In the records below, find the line with "Detailed close-up of" and repeat exactly every line from it through the line with "este viernes. Varios". Pictures stay out.

— GIVEN DATA —
┌──
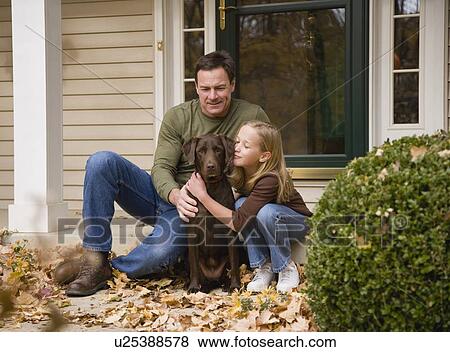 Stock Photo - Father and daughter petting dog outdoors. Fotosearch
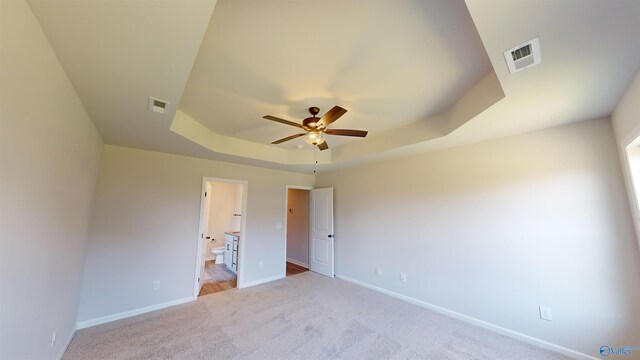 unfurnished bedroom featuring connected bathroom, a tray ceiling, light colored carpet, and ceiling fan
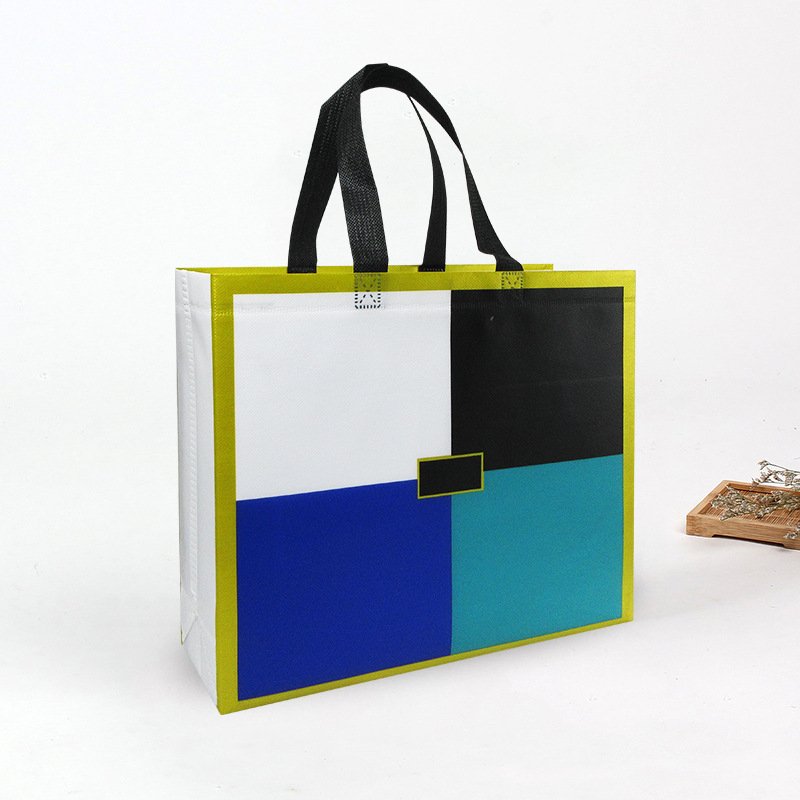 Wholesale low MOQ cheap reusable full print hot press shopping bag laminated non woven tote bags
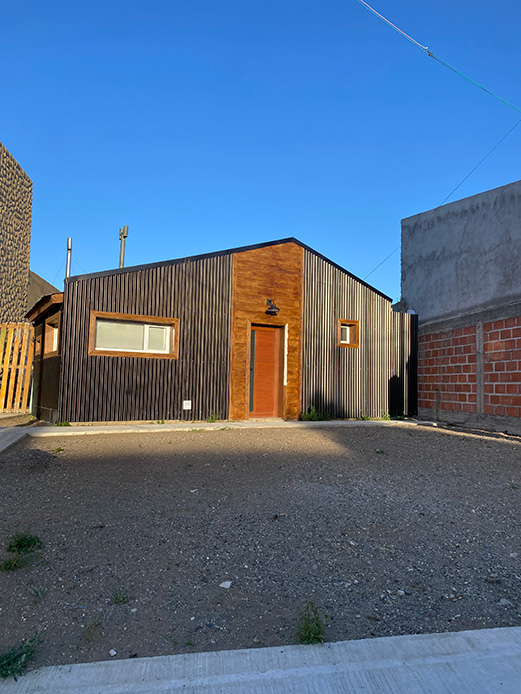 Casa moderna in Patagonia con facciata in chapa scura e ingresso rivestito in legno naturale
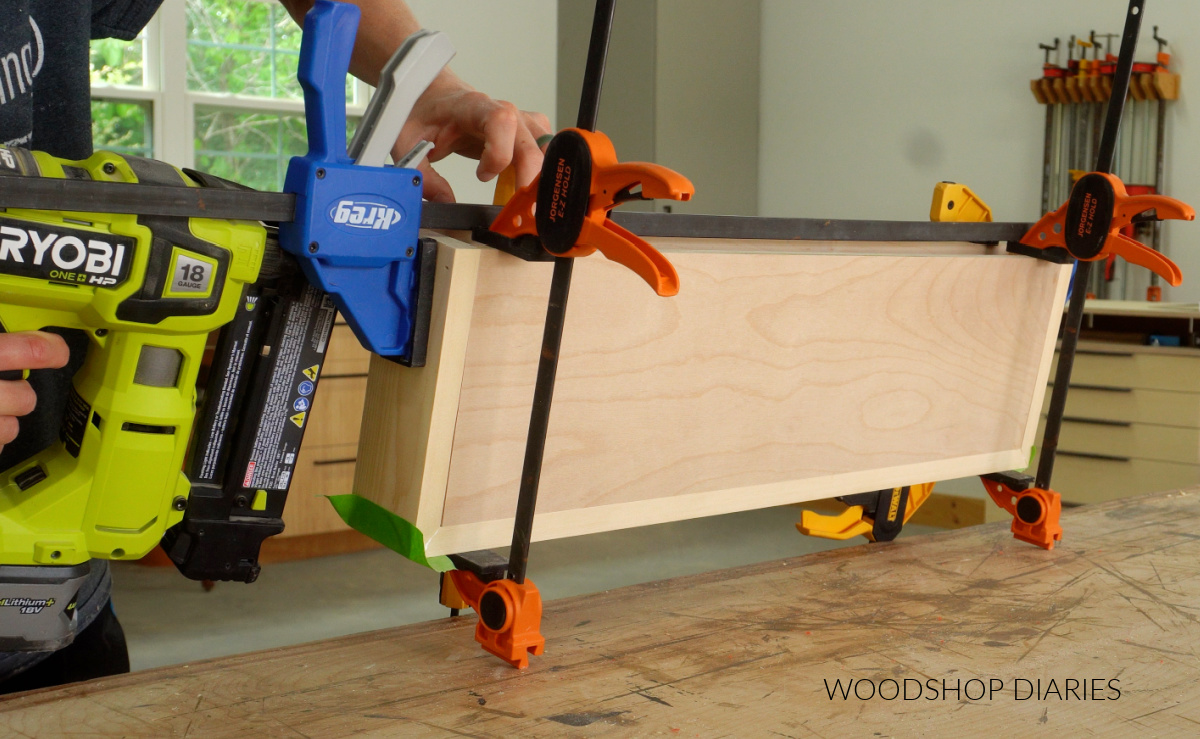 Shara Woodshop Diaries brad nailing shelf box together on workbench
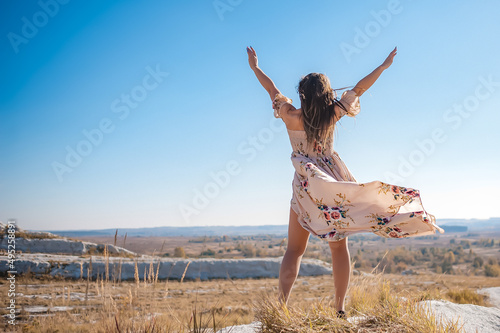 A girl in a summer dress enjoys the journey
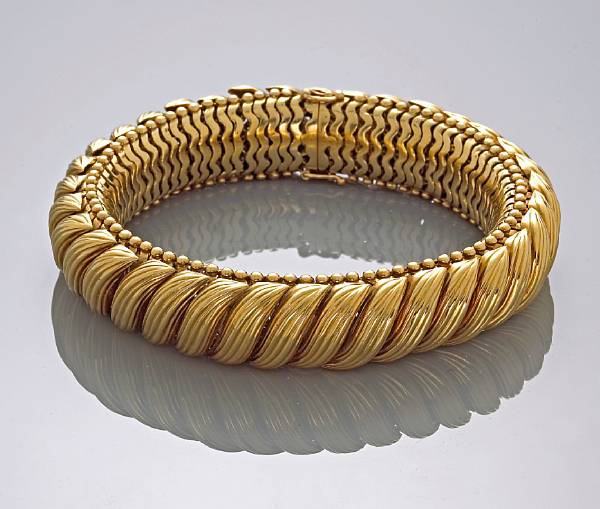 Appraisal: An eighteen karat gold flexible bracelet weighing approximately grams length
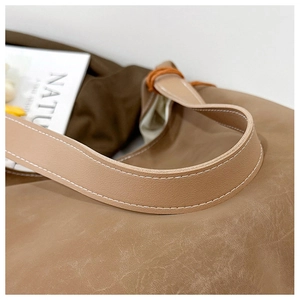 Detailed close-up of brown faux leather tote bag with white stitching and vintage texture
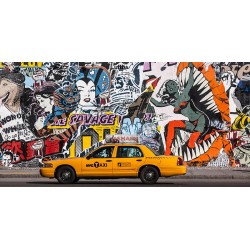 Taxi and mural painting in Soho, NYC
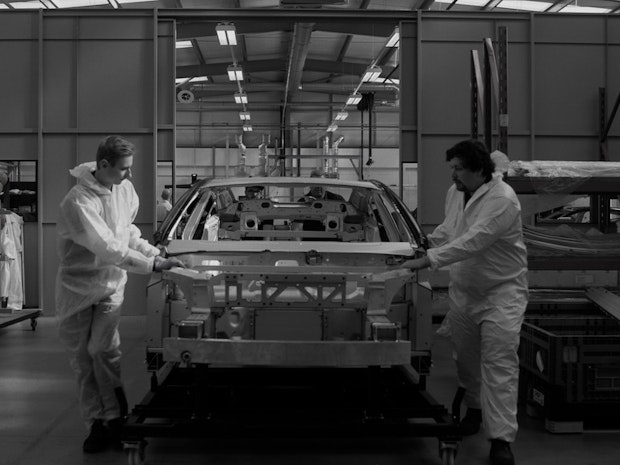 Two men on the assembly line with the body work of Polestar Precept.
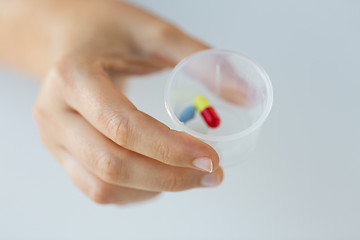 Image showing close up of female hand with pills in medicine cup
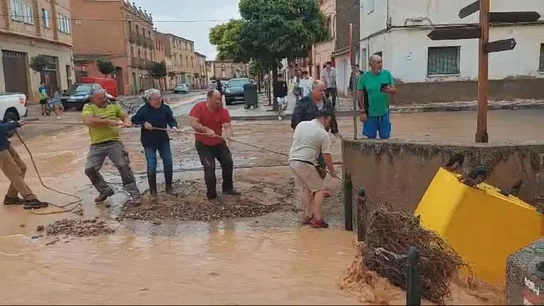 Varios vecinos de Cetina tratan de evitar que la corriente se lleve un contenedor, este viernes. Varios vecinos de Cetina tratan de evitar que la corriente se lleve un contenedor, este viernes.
└──
┌──
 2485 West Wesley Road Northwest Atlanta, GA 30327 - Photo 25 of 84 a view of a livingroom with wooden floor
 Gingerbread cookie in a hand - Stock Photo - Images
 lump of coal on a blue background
└──
┌──
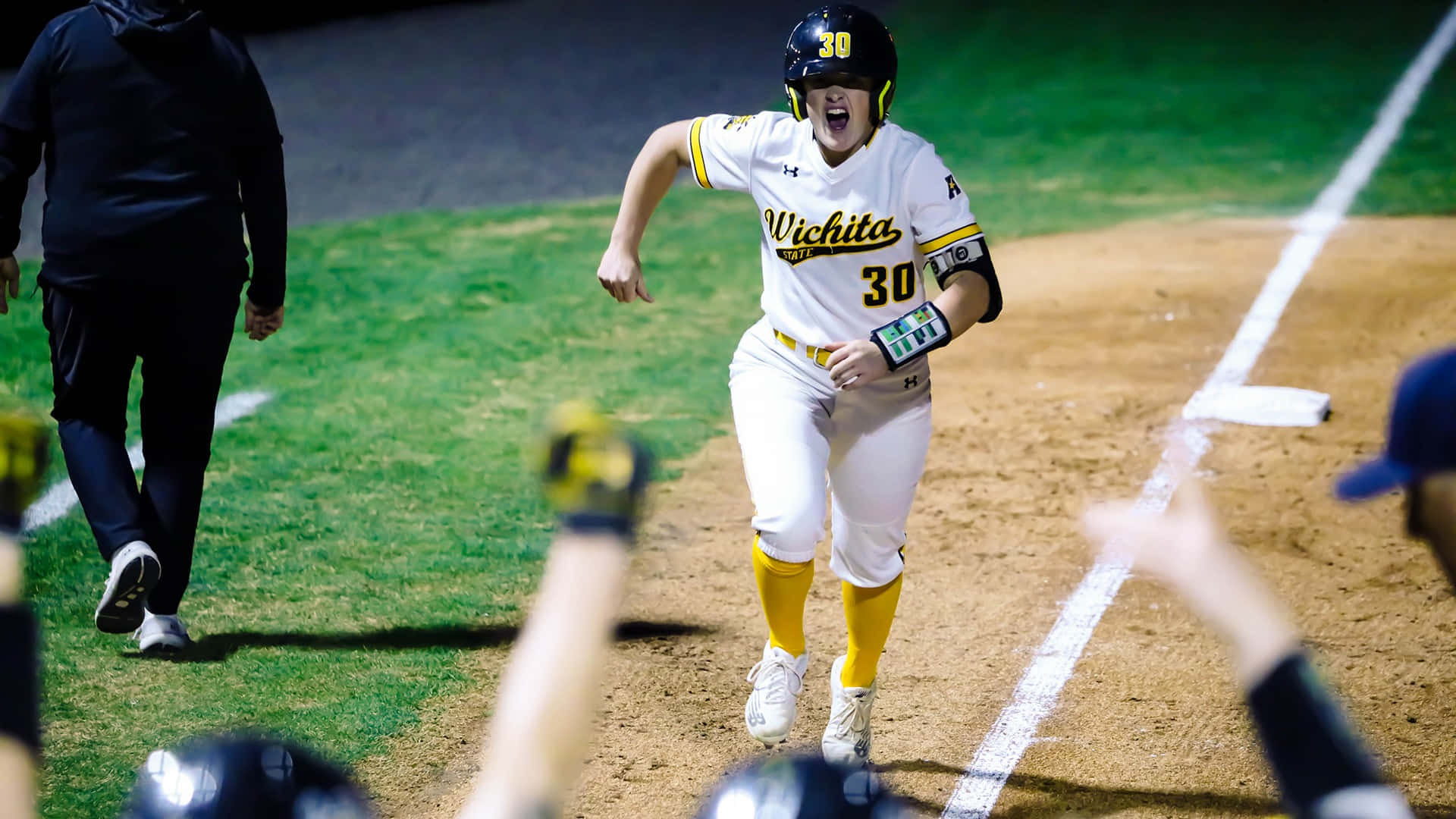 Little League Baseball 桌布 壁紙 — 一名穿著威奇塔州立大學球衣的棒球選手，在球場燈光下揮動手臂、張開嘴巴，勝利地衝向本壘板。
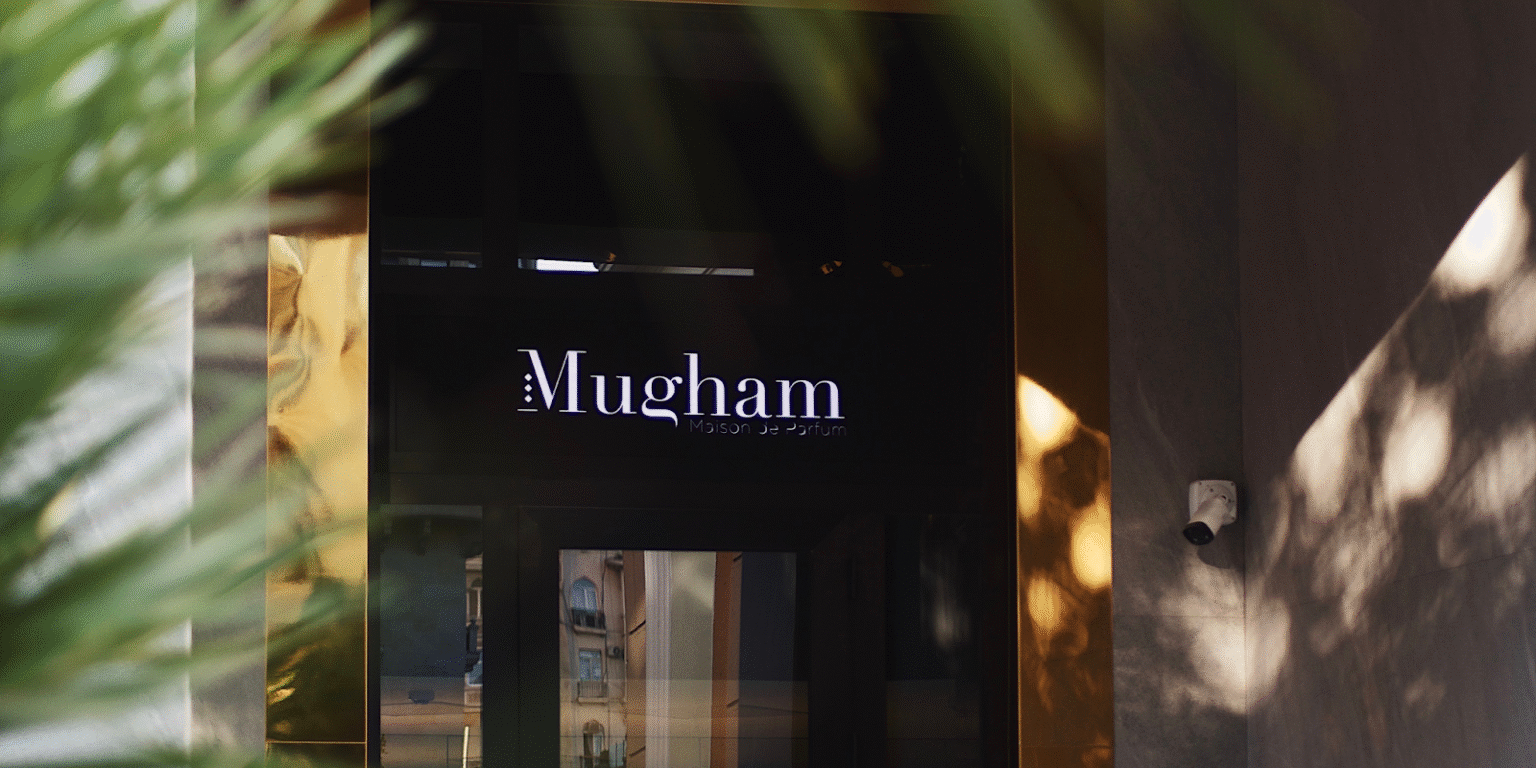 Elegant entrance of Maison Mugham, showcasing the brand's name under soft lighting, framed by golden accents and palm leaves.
└──
— OUTPUT OF THE TASK —
 Detailed close-up of brown faux leather tote bag with white stitching and vintage texture
 Taxi and mural painting in Soho, NYC
 Two men on the assembly line with the body work of Polestar Precept.
 Image showing close up of female hand with pills in medicine cup
 Varios vecinos de Cetina tratan de evitar que la corriente se lleve un contenedor, este viernes. Varios vecinos de Cetina tratan de evitar que la corriente se lleve un contenedor, este viernes.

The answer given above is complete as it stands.